*SOURCE DATA*
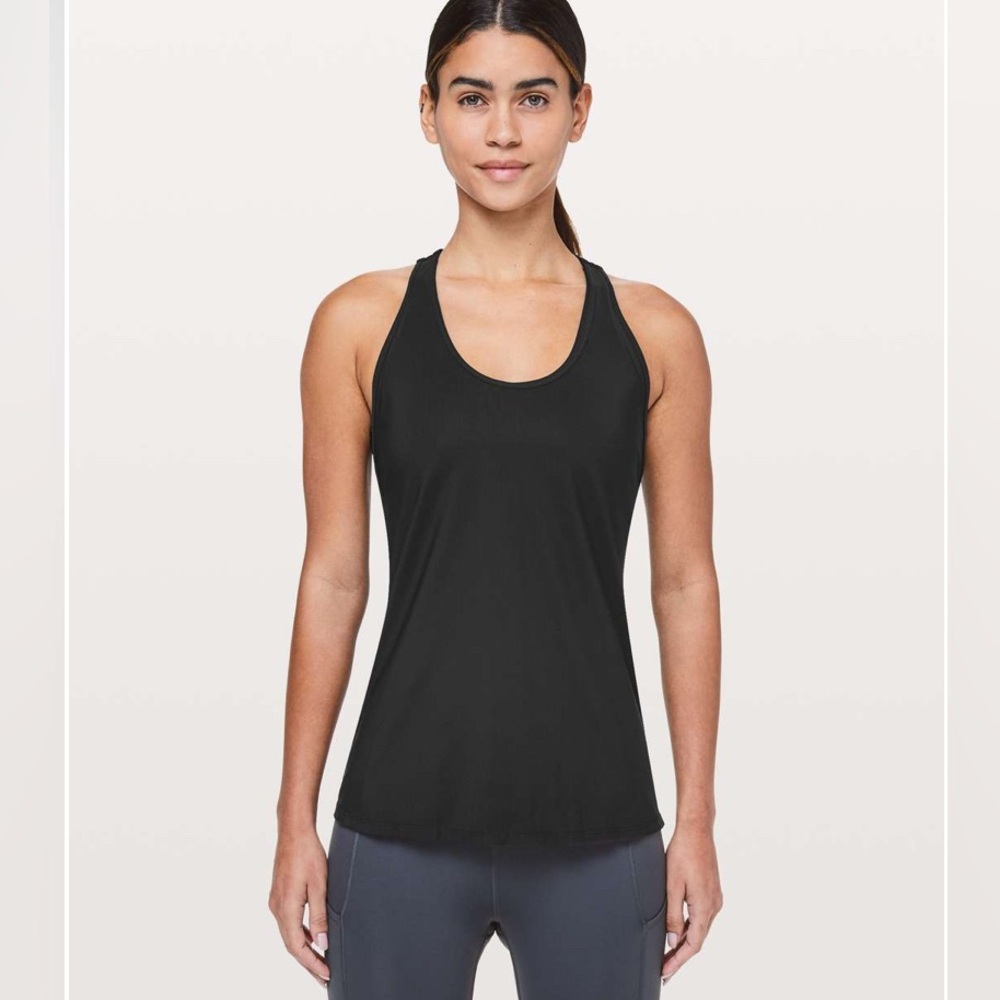 Lululemon 2in1 Tank and sports bra Size 4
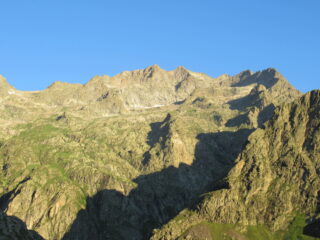 Argentera e Cime dal Lago del Chiotas.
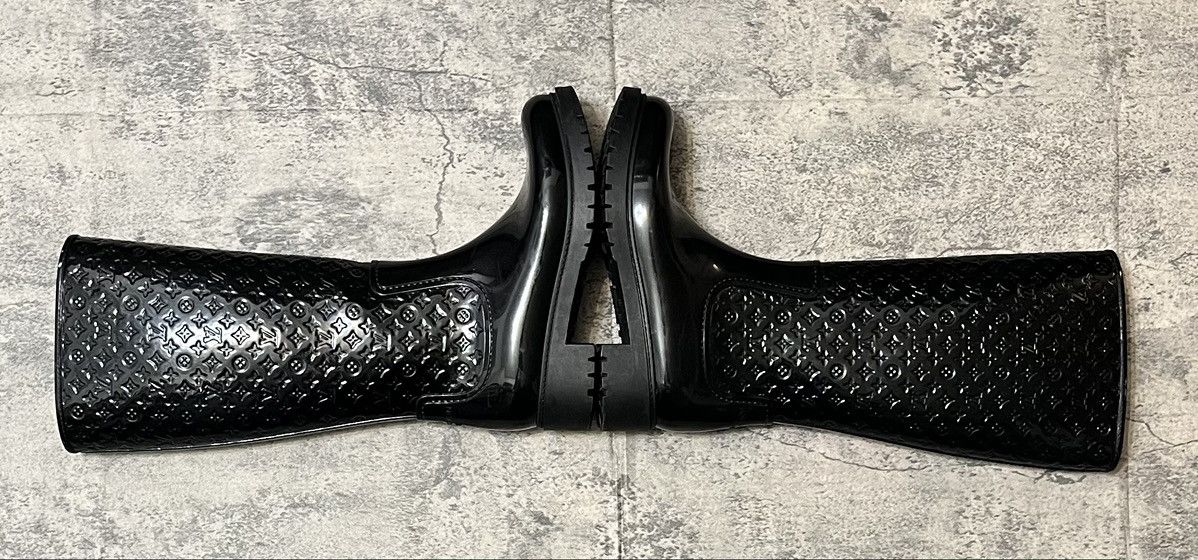Louis Vuitton Louis Vuitton Monogram Rain Boots Black Size US 8 / IT 38 - 3 Thumbnail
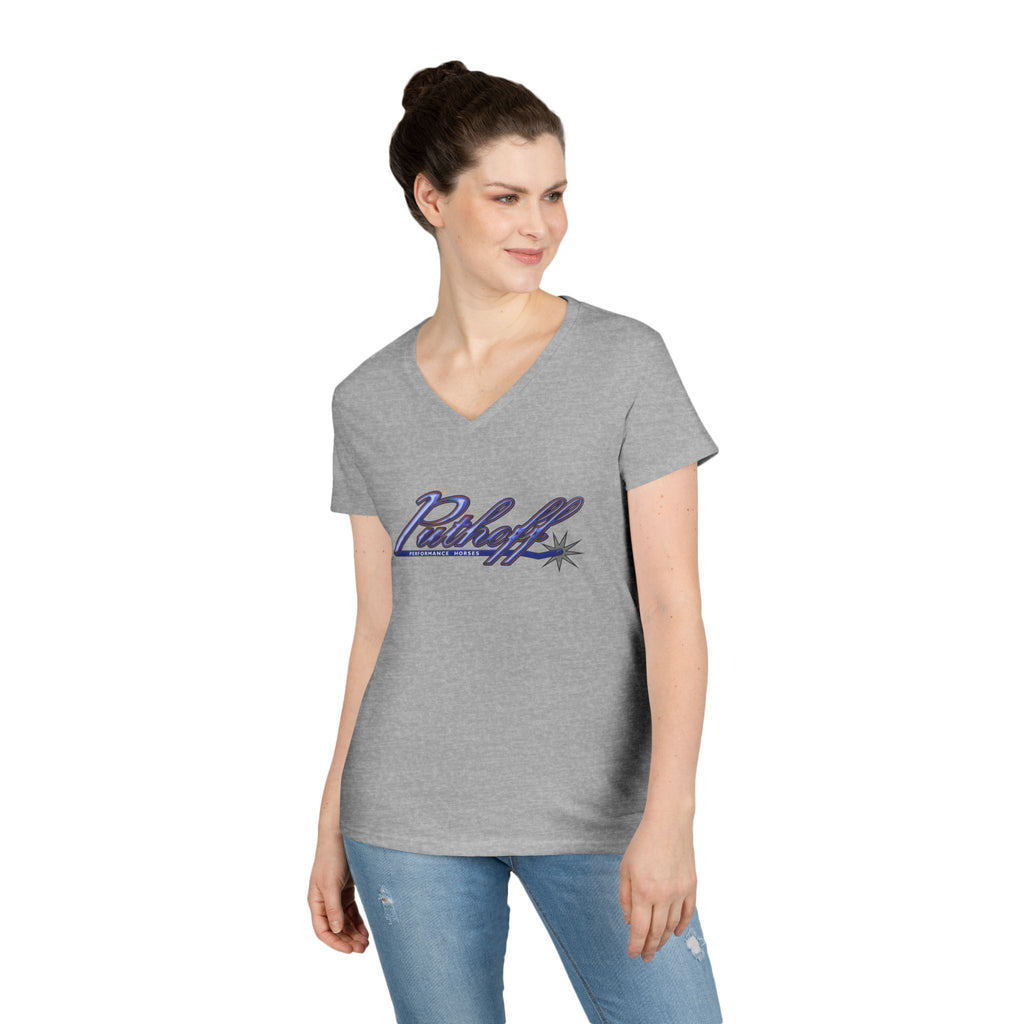 PPH Stylish Ladies V-Neck T-Shirt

*WHAT TO DO*
Without copying any picture, repeat the full listing above word for word.

*EXERCISE ANSWER*
 Lululemon 2in1 Tank and sports bra Size 4
 Argentera e Cime dal Lago del Chiotas.
Louis Vuitton Louis Vuitton Monogram Rain Boots Black Size US 8 / IT 38 - 3 Thumbnail
 PPH Stylish Ladies V-Neck T-Shirt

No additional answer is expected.